Gespräch mit Scroobius Pip
Von Simone Achermann

David Meads alias Scroobius Pip ist ein britischer Musiker und Wortkünstler. Im Interview spricht er darüber, warum er die hippen Londoner für unfrei hält, seine kindliche Sprachbehinderung als Bereicherung empfindet und positive Jugendbewegungen die Gesellschaft verbessern können. Sein Pseudonym – eine Bezugnahme auf das Gedicht «The Scroobious Pip» von Edward Lear – ist die Geschichte eines Wesens auf der Suche nach sich selbst, bis es merkt, dass es einfach der Scroobious Pip ist und in keine Kategorie passt. Das gilt auch für den Musiker.

 

In einigen Ihrer Lieder wie «Thou Shalt Always Kill» sagen Sie den Leuten, welches Verhalten richtig oder falsch ist. Kann die Musik die Gesellschaft zum Besseren verändern?

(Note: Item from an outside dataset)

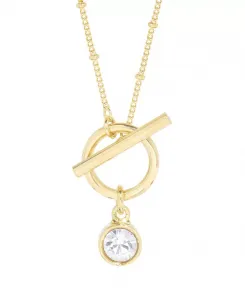 Женский кулон-тогл «Лея» Brook & York, gold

 Sie gibt uns die Möglichkeit, uns anders zu verhalten. Denken Sie zum Beispiel an die zunehmenden Messerstechereien in den ärmlichen Stadtvierteln von London. Zu Zeiten meines Vaters hatte jeder ein Messer, weil er Pfadfinder war, aber man benutzte es damals nicht. Das Problem liegt also nicht bei den Messern, sondern daran, dass die Kids keine anderen Möglichkeiten sehen, als Gangster zu spielen. Wir brauchen positive Jugendbewegungen: keine gewalttätigen Songs, sondern Lieder, die optimistisch sind oder sich kritisch-kreativ mit realen Problemen auseinandersetzen. Aber die Musik muss den Kids nicht ausschliesslich gute Vorbilder liefern. Es ist schön, dass sie auch einfach da ist, um im Alltag eine Rückzugsmöglichkeit zu bieten. Wenn an der Musik alles nur ernst wäre, würde das Vergnügen zu kurz kommen. Ernste Musik funktioniert nur durch den Kontrast zu reiner Unterhaltungsmusik.

 

Sie kritisieren die Leute besonders wegen ihres Hochmuts in Geschmacksfragen: Angehörige der Oberschicht beanspruchen die Klassik, die Kids im Plattenladen den Punk für sich. Lässt uns die Gesellschaft jemals wirklich über unsere Herkunft hinauswachsen?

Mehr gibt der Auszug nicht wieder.